Wynn Faces Off With Architects

Is there a greater need for subtlety in Las Vegas’ building boom?

Chuck Twardy

It didn't take long for a charged subtext to emerge when roughly 500 architects gathered to hear Steve Wynn and architect-developer Anthony Marnell at Wynn Las Vegas last week. It was the unspoken issue that circled the American Institute of Architects 2005 National Convention, namely that 25,000 guardians of design ideals should convene in vulgarity's ground zero.


Seated onstage in a rose-and-salmon meeting room whose coffered ceiling was accented with parasol-like adornments, Wynn and Marnell looked as if they were about to lead a genial book discussion. After speaking expressively about the increasing sophistication of the contemporary resort guest ("And so we dial up our moments, we decide what our experience should be..."), Wynn got to the point: "Well, here you are, the AIA in Las Vegas, Nevada, of all places. What happened to you? Did you get confused?"


Marnell, of Marnell Carrao Associates, Wynn's architect for Mirage, Treasure Island and Bellagio, noted that his client focuses on meeting customer needs. "We are not about excess here," he asserted. The laughter was more genial than derisive, but the moment nonetheless unfolded a phantom conflict between purists and hedonists. It was chimeric because most architects, after all, are about the business of pleasing their clients and the public, and for the most part the audience was deferential.


But Wynn waxed defensive, although never less than gracious. He mentioned several times negative comments by critics that his building was "banal." The curling, bronzed, glass-sheathed tower reflected the need to provide visitors with floor-to-ceiling views, he said. "That's what happens ... if you think about the guests. Does that make us crassly commercial, or is this what the architecture is supposed to be about?"

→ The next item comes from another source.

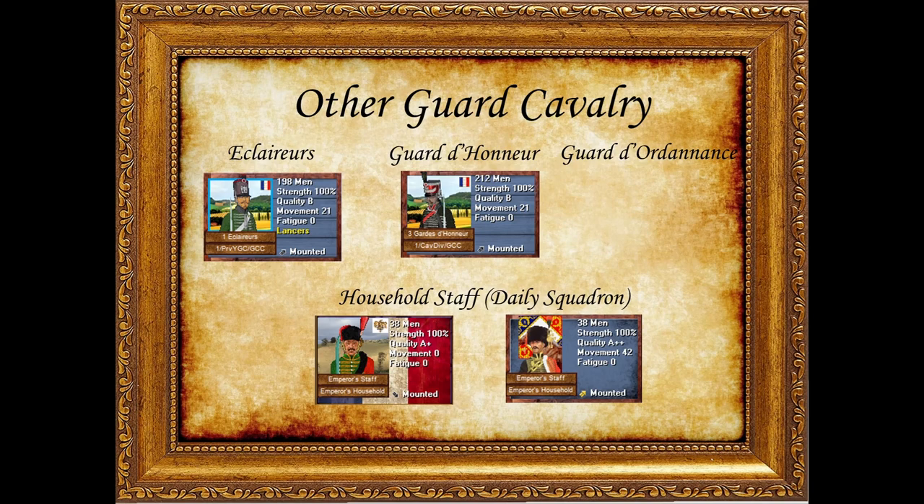Sometimes you'll see 'Household Staff' or 'Emperor's Household' on the battlefield — that refers to the daily squadron. Initially it was left to the Chasseurs à Cheval to rotate the squadron every day, but later guard cavalry took that role and took turns acting as Napoleon's personal bodyguard on the day. Hopefully you enjoyed this guard cavalry video and it's a little bit clearer who these absolutely fantastic cavalry are. Stay tuned for the next video — the plan is to do British cavalry. Thanks for watching and happy gaming.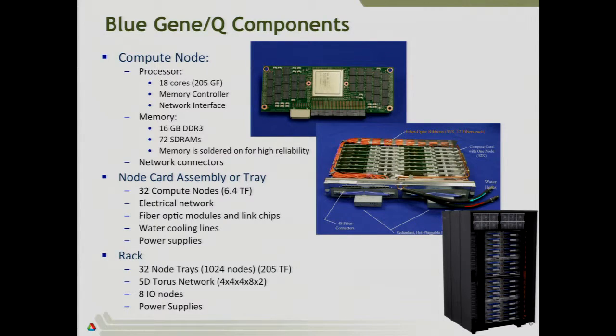32 of those nodes are packed into a tray — they're vertically inserted — giving you 6.4 teraflops of compute performance. Each one plugs into a network that is electrical within the tray. Once you want to start talking to other nodes off the tray and off the rack, you have to go across a fiber optic network. To a programmer this looks transparent, but in practice your data is running across different network components. This was done to optimize cost — electrical connections where things were close, fiber optics where you needed extra performance.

It is, of course, and architects know that better than anyone. Only a handful of stars are hired to design trophy buildings, and the profession long ago rejected the notion of erecting elegant ego sculptures. At its best, architecture is about meeting grubby, programmatic needs with flair or distinction, and Las Vegas is a laboratory for doing just that. In a sense, Wynn was right that his critics "didn't get it."


But it was clear they got to him. Several times he cited a review by Los Angeles Times critic Christopher Hawthorne, at one point even quoting Hawthorne's withering remark that the supposedly themeless Wynn Las Vegas betrayed the motif of "mid-rise office tower in Houston, circa 1983." Nothing gladdens a critic's heart quite like hearing the target of an unflattering review quote its most felicitous phrase.


Aside from the fact that the presumed conflict was illusory, the unfortunate thing in all this was that Wynn spoke evocatively, if a little fulsomely, about his design imperatives. Outlining his taste for the nourishing effects of water and sunlight, his affinity for Henri Matisse, even his "six-month quest" for the tower's bronze skin, Wynn made it clear that meeting and exceeding the customer's needs is more than merely formulaic. He even acknowledged "the trace of an evolutionary process" toward more subtlety in Las Vegas design.


One audience member rose to praise Wynn's chestnut-toned tower for its simple refinement, but wondered why that quality had been checked at the entrance.


This hints at the need for an evolving sense of subtlety in Las Vegas. Architects please their clients by pleasing the public, but the best do it with the least obvious effort, inside and out. Wynn and Marnell might have helped remind architects of this by dealing with the imagined tension between taste and indulgence.


"I think the issue has been brought to the fore," said Wynn. "I hope you will deal with it."